Records excerpted from a collection:
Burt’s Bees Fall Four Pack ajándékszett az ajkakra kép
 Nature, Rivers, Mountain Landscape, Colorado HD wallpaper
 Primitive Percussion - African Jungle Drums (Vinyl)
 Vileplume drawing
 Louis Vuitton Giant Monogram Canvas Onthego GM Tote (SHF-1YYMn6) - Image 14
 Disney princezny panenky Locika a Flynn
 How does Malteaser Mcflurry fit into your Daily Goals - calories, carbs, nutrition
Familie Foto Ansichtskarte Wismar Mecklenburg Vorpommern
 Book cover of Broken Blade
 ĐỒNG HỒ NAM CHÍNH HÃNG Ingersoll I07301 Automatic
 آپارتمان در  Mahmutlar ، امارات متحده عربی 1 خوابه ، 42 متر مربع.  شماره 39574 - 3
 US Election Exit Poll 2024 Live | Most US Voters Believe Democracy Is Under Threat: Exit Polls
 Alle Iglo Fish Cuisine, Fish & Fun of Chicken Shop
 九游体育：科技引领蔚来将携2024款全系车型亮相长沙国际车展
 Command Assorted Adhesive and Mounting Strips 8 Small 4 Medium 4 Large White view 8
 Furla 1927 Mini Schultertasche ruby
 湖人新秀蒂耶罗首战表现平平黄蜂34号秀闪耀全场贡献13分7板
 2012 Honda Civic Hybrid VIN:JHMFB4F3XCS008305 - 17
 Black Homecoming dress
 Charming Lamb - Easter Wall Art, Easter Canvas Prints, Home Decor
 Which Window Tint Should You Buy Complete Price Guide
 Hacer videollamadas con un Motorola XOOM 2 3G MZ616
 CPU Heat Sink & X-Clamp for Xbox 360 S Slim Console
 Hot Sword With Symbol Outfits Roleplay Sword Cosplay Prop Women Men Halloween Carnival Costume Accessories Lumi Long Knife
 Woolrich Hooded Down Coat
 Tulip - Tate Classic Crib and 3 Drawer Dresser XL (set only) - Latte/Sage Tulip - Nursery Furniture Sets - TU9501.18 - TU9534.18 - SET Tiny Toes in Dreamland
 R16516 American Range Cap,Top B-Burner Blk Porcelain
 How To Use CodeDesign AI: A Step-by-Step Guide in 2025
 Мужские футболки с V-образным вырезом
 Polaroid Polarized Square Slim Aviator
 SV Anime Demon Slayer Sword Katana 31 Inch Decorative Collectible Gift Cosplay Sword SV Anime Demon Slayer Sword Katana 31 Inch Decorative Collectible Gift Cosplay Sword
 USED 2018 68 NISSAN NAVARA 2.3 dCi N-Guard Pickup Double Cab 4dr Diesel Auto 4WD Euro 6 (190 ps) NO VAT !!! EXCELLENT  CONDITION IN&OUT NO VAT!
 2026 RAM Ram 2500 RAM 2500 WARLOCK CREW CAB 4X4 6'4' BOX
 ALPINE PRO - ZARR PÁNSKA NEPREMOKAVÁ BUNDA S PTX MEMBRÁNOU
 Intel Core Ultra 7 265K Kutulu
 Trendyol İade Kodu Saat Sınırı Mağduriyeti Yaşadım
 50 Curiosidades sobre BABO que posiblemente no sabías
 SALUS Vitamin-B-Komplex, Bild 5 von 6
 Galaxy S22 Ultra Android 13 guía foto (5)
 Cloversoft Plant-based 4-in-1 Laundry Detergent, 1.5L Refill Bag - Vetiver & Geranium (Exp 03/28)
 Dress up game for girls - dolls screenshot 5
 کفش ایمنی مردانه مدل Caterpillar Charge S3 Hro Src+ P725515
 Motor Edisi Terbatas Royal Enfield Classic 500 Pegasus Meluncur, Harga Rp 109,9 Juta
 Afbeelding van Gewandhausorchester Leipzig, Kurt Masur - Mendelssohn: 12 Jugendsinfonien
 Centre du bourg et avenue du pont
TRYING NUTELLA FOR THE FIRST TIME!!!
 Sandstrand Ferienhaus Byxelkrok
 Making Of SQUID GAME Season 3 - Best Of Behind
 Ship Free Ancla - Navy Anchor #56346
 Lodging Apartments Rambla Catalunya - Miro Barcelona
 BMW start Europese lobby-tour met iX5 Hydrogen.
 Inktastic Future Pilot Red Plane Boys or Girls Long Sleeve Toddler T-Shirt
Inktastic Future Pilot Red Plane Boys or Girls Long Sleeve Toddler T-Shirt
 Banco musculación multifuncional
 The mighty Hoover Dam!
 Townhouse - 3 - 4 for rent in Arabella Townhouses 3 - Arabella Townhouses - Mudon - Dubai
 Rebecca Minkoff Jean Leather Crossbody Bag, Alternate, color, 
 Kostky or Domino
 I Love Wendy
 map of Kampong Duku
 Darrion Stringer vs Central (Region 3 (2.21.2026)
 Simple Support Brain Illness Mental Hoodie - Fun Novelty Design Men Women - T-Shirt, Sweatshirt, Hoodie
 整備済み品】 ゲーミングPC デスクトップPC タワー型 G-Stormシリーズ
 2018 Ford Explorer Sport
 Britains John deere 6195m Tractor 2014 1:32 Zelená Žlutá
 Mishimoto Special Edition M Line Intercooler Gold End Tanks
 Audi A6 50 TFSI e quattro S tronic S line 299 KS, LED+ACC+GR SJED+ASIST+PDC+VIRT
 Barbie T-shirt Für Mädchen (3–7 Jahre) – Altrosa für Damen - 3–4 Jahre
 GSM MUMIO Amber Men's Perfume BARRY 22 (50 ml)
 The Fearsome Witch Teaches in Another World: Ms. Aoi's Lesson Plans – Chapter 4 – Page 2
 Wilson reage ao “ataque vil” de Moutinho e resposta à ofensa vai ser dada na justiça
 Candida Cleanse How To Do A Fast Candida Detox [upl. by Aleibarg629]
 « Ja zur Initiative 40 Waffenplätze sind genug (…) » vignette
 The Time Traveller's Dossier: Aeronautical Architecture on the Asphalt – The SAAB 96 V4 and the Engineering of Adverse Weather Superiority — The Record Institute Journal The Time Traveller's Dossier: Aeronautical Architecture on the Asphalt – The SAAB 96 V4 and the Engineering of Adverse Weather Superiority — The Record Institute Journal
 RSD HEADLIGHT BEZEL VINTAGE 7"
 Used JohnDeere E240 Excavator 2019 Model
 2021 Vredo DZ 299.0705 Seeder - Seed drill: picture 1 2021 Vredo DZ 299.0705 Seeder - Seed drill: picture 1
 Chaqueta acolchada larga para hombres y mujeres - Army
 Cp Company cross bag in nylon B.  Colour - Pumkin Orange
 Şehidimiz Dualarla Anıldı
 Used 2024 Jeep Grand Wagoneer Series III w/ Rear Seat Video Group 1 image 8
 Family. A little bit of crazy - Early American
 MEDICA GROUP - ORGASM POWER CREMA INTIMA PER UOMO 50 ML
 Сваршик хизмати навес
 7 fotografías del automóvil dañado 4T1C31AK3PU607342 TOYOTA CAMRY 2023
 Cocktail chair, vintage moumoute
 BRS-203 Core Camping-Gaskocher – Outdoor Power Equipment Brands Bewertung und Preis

▶ _What is needed_
The response should consist of all the entries, reproduced word for word.

▶ _Solution to this problem_
Burt’s Bees Fall Four Pack ajándékszett az ajkakra kép
 Nature, Rivers, Mountain Landscape, Colorado HD wallpaper
 Primitive Percussion - African Jungle Drums (Vinyl)
 Vileplume drawing
 Louis Vuitton Giant Monogram Canvas Onthego GM Tote (SHF-1YYMn6) - Image 14
 Disney princezny panenky Locika a Flynn
 How does Malteaser Mcflurry fit into your Daily Goals - calories, carbs, nutrition
Familie Foto Ansichtskarte Wismar Mecklenburg Vorpommern
 Book cover of Broken Blade
 ĐỒNG HỒ NAM CHÍNH HÃNG Ingersoll I07301 Automatic
 آپارتمان در  Mahmutlar ، امارات متحده عربی 1 خوابه ، 42 متر مربع.  شماره 39574 - 3
 US Election Exit Poll 2024 Live | Most US Voters Believe Democracy Is Under Threat: Exit Polls
 Alle Iglo Fish Cuisine, Fish & Fun of Chicken Shop
 九游体育：科技引领蔚来将携2024款全系车型亮相长沙国际车展
 Command Assorted Adhesive and Mounting Strips 8 Small 4 Medium 4 Large White view 8
 Furla 1927 Mini Schultertasche ruby
 湖人新秀蒂耶罗首战表现平平黄蜂34号秀闪耀全场贡献13分7板
 2012 Honda Civic Hybrid VIN:JHMFB4F3XCS008305 - 17
 Black Homecoming dress
 Charming Lamb - Easter Wall Art, Easter Canvas Prints, Home Decor
 Which Window Tint Should You Buy Complete Price Guide
 Hacer videollamadas con un Motorola XOOM 2 3G MZ616
 CPU Heat Sink & X-Clamp for Xbox 360 S Slim Console
 Hot Sword With Symbol Outfits Roleplay Sword Cosplay Prop Women Men Halloween Carnival Costume Accessories Lumi Long Knife
 Woolrich Hooded Down Coat
 Tulip - Tate Classic Crib and 3 Drawer Dresser XL (set only) - Latte/Sage Tulip - Nursery Furniture Sets - TU9501.18 - TU9534.18 - SET Tiny Toes in Dreamland
 R16516 American Range Cap,Top B-Burner Blk Porcelain
 How To Use CodeDesign AI: A Step-by-Step Guide in 2025
 Мужские футболки с V-образным вырезом
 Polaroid Polarized Square Slim Aviator
 SV Anime Demon Slayer Sword Katana 31 Inch Decorative Collectible Gift Cosplay Sword SV Anime Demon Slayer Sword Katana 31 Inch Decorative Collectible Gift Cosplay Sword
 USED 2018 68 NISSAN NAVARA 2.3 dCi N-Guard Pickup Double Cab 4dr Diesel Auto 4WD Euro 6 (190 ps) NO VAT !!! EXCELLENT  CONDITION IN&OUT NO VAT!
 2026 RAM Ram 2500 RAM 2500 WARLOCK CREW CAB 4X4 6'4' BOX
 ALPINE PRO - ZARR PÁNSKA NEPREMOKAVÁ BUNDA S PTX MEMBRÁNOU
 Intel Core Ultra 7 265K Kutulu
 Trendyol İade Kodu Saat Sınırı Mağduriyeti Yaşadım
 50 Curiosidades sobre BABO que posiblemente no sabías
 SALUS Vitamin-B-Komplex, Bild 5 von 6
 Galaxy S22 Ultra Android 13 guía foto (5)
 Cloversoft Plant-based 4-in-1 Laundry Detergent, 1.5L Refill Bag - Vetiver & Geranium (Exp 03/28)
 Dress up game for girls - dolls screenshot 5
 کفش ایمنی مردانه مدل Caterpillar Charge S3 Hro Src+ P725515
 Motor Edisi Terbatas Royal Enfield Classic 500 Pegasus Meluncur, Harga Rp 109,9 Juta
 Afbeelding van Gewandhausorchester Leipzig, Kurt Masur - Mendelssohn: 12 Jugendsinfonien
 Centre du bourg et avenue du pont
TRYING NUTELLA FOR THE FIRST TIME!!!
 Sandstrand Ferienhaus Byxelkrok
 Making Of SQUID GAME Season 3 - Best Of Behind
 Ship Free Ancla - Navy Anchor #56346
 Lodging Apartments Rambla Catalunya - Miro Barcelona
 BMW start Europese lobby-tour met iX5 Hydrogen.
 Inktastic Future Pilot Red Plane Boys or Girls Long Sleeve Toddler T-Shirt
Inktastic Future Pilot Red Plane Boys or Girls Long Sleeve Toddler T-Shirt
 Banco musculación multifuncional
 The mighty Hoover Dam!
 Townhouse - 3 - 4 for rent in Arabella Townhouses 3 - Arabella Townhouses - Mudon - Dubai
 Rebecca Minkoff Jean Leather Crossbody Bag, Alternate, color, 
 Kostky or Domino
 I Love Wendy
 map of Kampong Duku
 Darrion Stringer vs Central (Region 3 (2.21.2026)
 Simple Support Brain Illness Mental Hoodie - Fun Novelty Design Men Women - T-Shirt, Sweatshirt, Hoodie
 整備済み品】 ゲーミングPC デスクトップPC タワー型 G-Stormシリーズ
 2018 Ford Explorer Sport
 Britains John deere 6195m Tractor 2014 1:32 Zelená Žlutá
 Mishimoto Special Edition M Line Intercooler Gold End Tanks
 Audi A6 50 TFSI e quattro S tronic S line 299 KS, LED+ACC+GR SJED+ASIST+PDC+VIRT
 Barbie T-shirt Für Mädchen (3–7 Jahre) – Altrosa für Damen - 3–4 Jahre
 GSM MUMIO Amber Men's Perfume BARRY 22 (50 ml)
 The Fearsome Witch Teaches in Another World: Ms. Aoi's Lesson Plans – Chapter 4 – Page 2
 Wilson reage ao “ataque vil” de Moutinho e resposta à ofensa vai ser dada na justiça
 Candida Cleanse How To Do A Fast Candida Detox [upl. by Aleibarg629]
 « Ja zur Initiative 40 Waffenplätze sind genug (…) » vignette
 The Time Traveller's Dossier: Aeronautical Architecture on the Asphalt – The SAAB 96 V4 and the Engineering of Adverse Weather Superiority — The Record Institute Journal The Time Traveller's Dossier: Aeronautical Architecture on the Asphalt – The SAAB 96 V4 and the Engineering of Adverse Weather Superiority — The Record Institute Journal
 RSD HEADLIGHT BEZEL VINTAGE 7"
 Used JohnDeere E240 Excavator 2019 Model
 2021 Vredo DZ 299.0705 Seeder - Seed drill: picture 1 2021 Vredo DZ 299.0705 Seeder - Seed drill: picture 1
 Chaqueta acolchada larga para hombres y mujeres - Army
 Cp Company cross bag in nylon B.  Colour - Pumkin Orange
 Şehidimiz Dualarla Anıldı
 Used 2024 Jeep Grand Wagoneer Series III w/ Rear Seat Video Group 1 image 8
 Family. A little bit of crazy - Early American
 MEDICA GROUP - ORGASM POWER CREMA INTIMA PER UOMO 50 ML
 Сваршик хизмати навес
 7 fotografías del automóvil dañado 4T1C31AK3PU607342 TOYOTA CAMRY 2023
 Cocktail chair, vintage moumoute
 BRS-203 Core Camping-Gaskocher – Outdoor Power Equipment Brands Bewertung und Preis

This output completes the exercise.